The work was recorded live at Sadler's Wells Theatre, London, on 29 February & 1 March 2008, and was released on the Opus Arte label on Feb.1, 2009 in both DVD and Blu-ray formats.

==Roles==
Original cast
- Pinocchio (mezzo-soprano) - Victoria Simmonds
- Geppetto (baritone) - Jonathan Summers
- Cricket / Parrot (coloratura soprano) - Rebecca Bottone
- Cat (tenor) - Mark Wilde
- Fox / Coachman (counter-tenor) - Jamie Laing
- The Blue Fairy (soprano) - Mary Plazas
- Fire-eater / Ape-Judge / Big Green Fisherman / Ringmaster / Farmer (bass) - Graham Broadbent
- Pigeon / Snail (contralto) - Carole Wilson
- Barker (bass) - Paul Gibson
- Arlecchino (tenor), Rosaura (soprano), Pantalone (bass) - Ben Kerslake, Gillene Herbert, Nicholas Butterfield
- Owl Doctor (bass), Crow Doctor (tenor), Beetle Doctor (mezzo-soprano) - Jeremy Peaker, Stephen Briggs, Hazel Croft
- Coal Merchant (bass), Bricklayer (bass) - Edward Thornton, Jeremy Peaker
- Lampwick (tenor) - Allan Clayton
- Drum-maker (bass) - John Cunningham
- Dancers, puppet operators, acrobats, prisoners (non-singing)

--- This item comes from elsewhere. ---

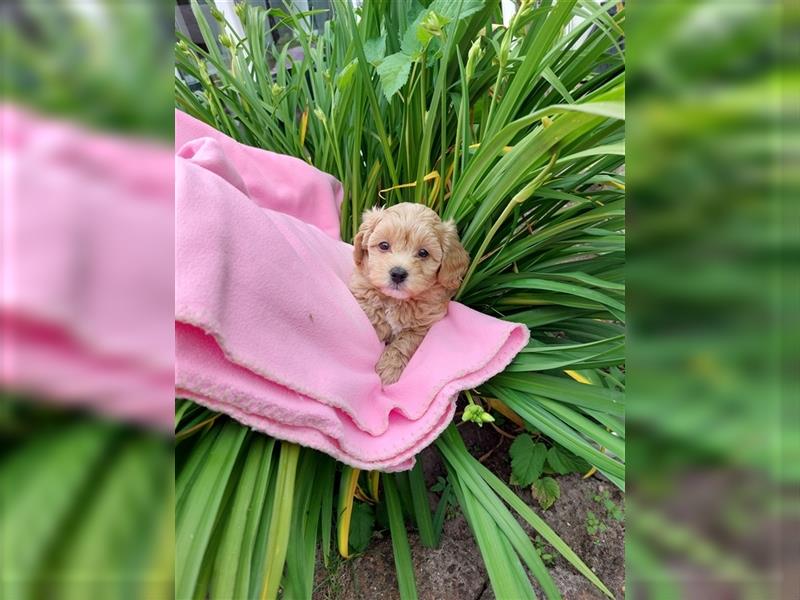 Suße Maltipoo in Apricot rot Farbe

- Puppet show audience, puppet policemen, fantasy rich people, lawyers, labourers, pupils, teachers, Funland vendors, circus troupe, Echoes, villagers, townsfolk (chorus)

==List of scenes==
===Act One===

- Scene 1: The wood
 In which Geppetto finds a log.
- Scene 2: Geppetto's hut
 In which Pinocchio is made and Geppetto suffers some of the misfortunes of parenthood; Pinocchio learns about school and the consequences of falling asleep in front of an open fire; a cricket learns the result of giving unwanted advice to small boys; and Geppetto buys Pinocchio a schoolbook.
- Scene 3: A street
 In which Pinocchio sets off to school but is distracted.

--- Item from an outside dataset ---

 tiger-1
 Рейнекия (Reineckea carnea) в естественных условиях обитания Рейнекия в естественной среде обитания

- Scene 4: The puppet theatre
 In which Pinocchio meets some old friends; escapes death; is very brave; is rewarded and sent on his way.
- Scene 5: A street
 In which Pinocchio meets a Cat and a Fox and learns about the Field of Miracles.
- Scene 6: The wood
 In which Pinocchio ignores a warning from a ghostly Cricket; is pursued by Assassins; meets a dead girl with blue hair; is hanged and pecked down by some friendly birds.

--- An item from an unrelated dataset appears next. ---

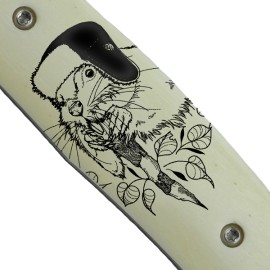 Beaver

- Scene 7: The Blue Fairy's cottage
 In which Pinocchio is cured and discovers the consequences of lying to girls with blue hair, promises to be good and sets off to meet Geppetto and live happily ever after.
- Scene 8: The wood
 In which Pinocchio meets the Cat and the Fox again; is tricked out of his money and is mocked by a parrot.
- Scene 9: The court and jail
 In which Pinocchio discovers the meaning of Justice and Freedom.
- Scene 10: The wood
 In which Pinocchio goes looking for the Blue Fairy but finds a grave and goes for a ride on a Pigeon.
- Scene 11: A beach
 In which Pinocchio attempts to help Geppetto.

===Act Two===
- Scene 1: Drudgeland
 In which Pinocchio learns about work, meets a lady with blue hair and does quite well at school.
- Scene 2: The seashore
 In which Pinocchio proves indigestible.
- Scene 3: Outside the Blue Fairy's house
 In which Pinocchio knocks at a door, gets frustrated with a Snail and is promised a party.
- Scene 4: A street
 In which Pinocchio, at the urging of his friend Lampwick, sets off for Funland.
- Scene 5: Funland
 In which Pinocchio visits Funland and is transformed by the experience.
- Scene 6: The circus
 In which Pinocchio joins the circus, recognizes a member of the audience and is sold to a Drum-maker.
- Scene 7: The seashore
 In which Pinocchio becomes his old self again and is swallowed by a big fish.
- Scene 8: Inside the big fish
 In which father and son are reunited and escape together.
- Scene 9: The village by the sea
 In which Pinocchio works hard for his father; meets his old acquaintances and finally gets his reward.